A questão não foi ter noção, as peças foram feitas de origem a solo e só soam bem assim, a solo. E o tipo de música em si é solística para guitarra, não tem nada a ver com outro tipo de formações, portanto, uma formação com mais instrumentos não faz sentido neste contexto, fará noutros. Pensou que estaria a evoluir para outro patamar do que se entende pela música da guitarra portuguesa, que apesar de tudo é ainda muito associada ao fado? Acha que o seu disco pode ser isso? Um enobrecimento talvez?
É... Depois cada pode integrá-lo à sua maneira, é uma música que não tem nada a ver com a música à qual a guitarra portuguesa está associada desde o início do século passado. Isso é elementar, óbvio, para qualquer pessoa, agora se é um degrau que sobe ou que desce... não sei, sei que é um postura, uma abordagem e uma atitude diferente, que nada tem a ver com a atitude e a abordagem habitual, e que assim tem sido ao longo da história e ao longo da tradição na guitarra portuguesa.
O facto de a gravação ter sido feita num convento teve alguma simbologia ou foi só a sonoridade?
Se se pode dizer que existiu alguma simbologia será pelo meu gosto pelos sítios eclesiásticos (capelas, igrejas, conventos...) e de o ambiente natural dos instrumentos acústicos ser esse. São locais com uma sonoridade, uma acústica que me leva a dizer que os instrumentos pertencem a esse espaço. O convento agradou-me imenso, tem uma série de salas boas, nas quais se fizeram testes para perceber qual a mais adequada.
Como explica a sua relação de quase amor-ódio com a guitarra?
Não existe, isso são termos aplicados pelos jornalistas – além de que detesto essas duas palavras. Não tenho com a guitarra nenhum relação desse tipo, é simplesmente um instrumento que não me agrada. Não sou paranóico nem neurótico pela guitarra, é simplesmente um instrumento que não me diverte minimamente porque só existe divertimento e prazer para quem está de fora, para quem está a ouvir. Nesse sentido, posso dizer que me agrada imenso se estiver a ouvir. No acto de estar a executar, a tocar as peças, não me agrada.
Como se consegue relacionar então com este instrumento tão especial?
É de facto um instrumento especial, mas as razões que originam uma espécie de insatisfação permanente são razões de ordem técnica. É um instrumento rijo, duro, todas as cordas são de aço a uma altíssima tensão e que, basicamente, exige uma relação totalmente para fazer soar alguma coisa do instrumento, para ter som.

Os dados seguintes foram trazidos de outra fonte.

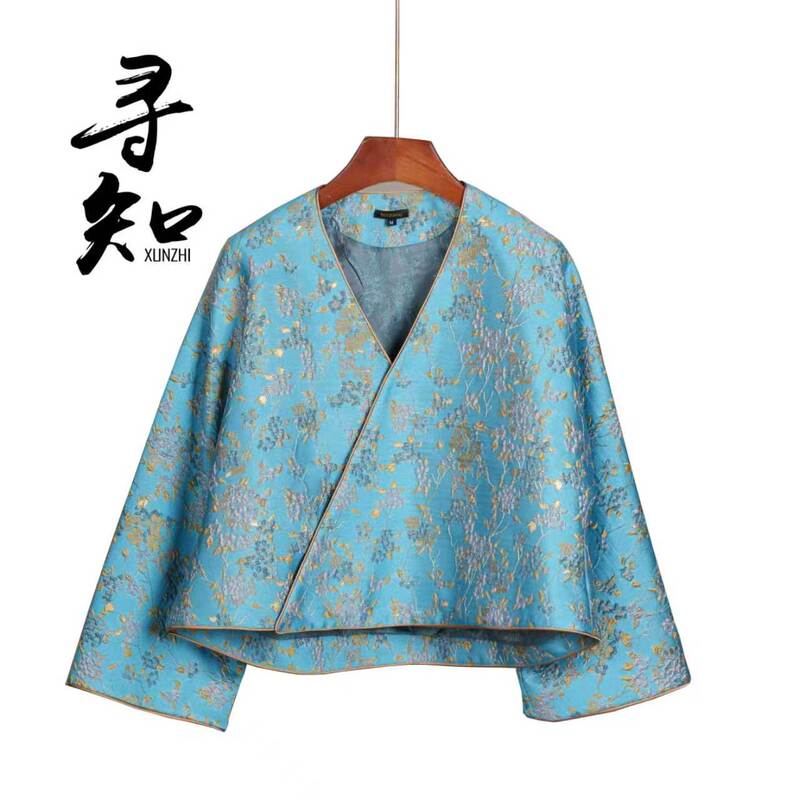 Xunzhi·Zhu's Original Design Xzs760F Lake Blue Gold Thread Top Xunzhi·Zhu's Original Design Xzs760F Lake Blue Gold Thread Top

E toda a tensão, toda a intensidade com que pode tocar só pode ser uma, caso contrário – como uma atitude mole e sem energia – o instrumento não soa rigorosamente a nada. Exige, portanto, uma relação bastante física e é evidente que isso é exaustivo e cansativo, provoca imensos problemas físicos, desde a posição do corpo até à tensões musculares. É uma espécie de desporto de alta competição.
Toca desde muito novo, desde os três ou quatro anos, mas prossegue com essa difícil relação. Há alguma hipótese de se retirar ou dedicar-se a outro instrumento? O piano, por exemplo, que adora?
Não há hipótese, porque um instrumento deve começar a ser estudado entre os três e os sete/ oito anos. Há vontade de desistir, mas o tempo é irreversível e como assim é, não há forma nenhuma de começar a tocar outro instrumento ou outros instrumentos. Isso teve um tempo e como ele é impiedoso e imperdoável...
Sei que não se preocupa muito com o resultado dos concertos, com a reacção das pessoas, por isso pergunto-lhe quais serão os próximos desafios?
Sim, não me entusiasmam muito, mas também não tenho nenhum expectativa. Este disco é a junção de músicas de um trajecto já com muito tempo, há peças no CD de desde há dez anos – é o reunir de uma existência que vem desde os 18 anos até agora. Simplesmente, é uma coisa quase definitiva.
Continua a compor? Fá-lo periodicamente?
Não. Fiz uma peça para o disco de homenagem a Carlos Paredes, ao contrário do que esperava. Os meus trabalhos de composição são muito espaçados, é um processo lento e difícil.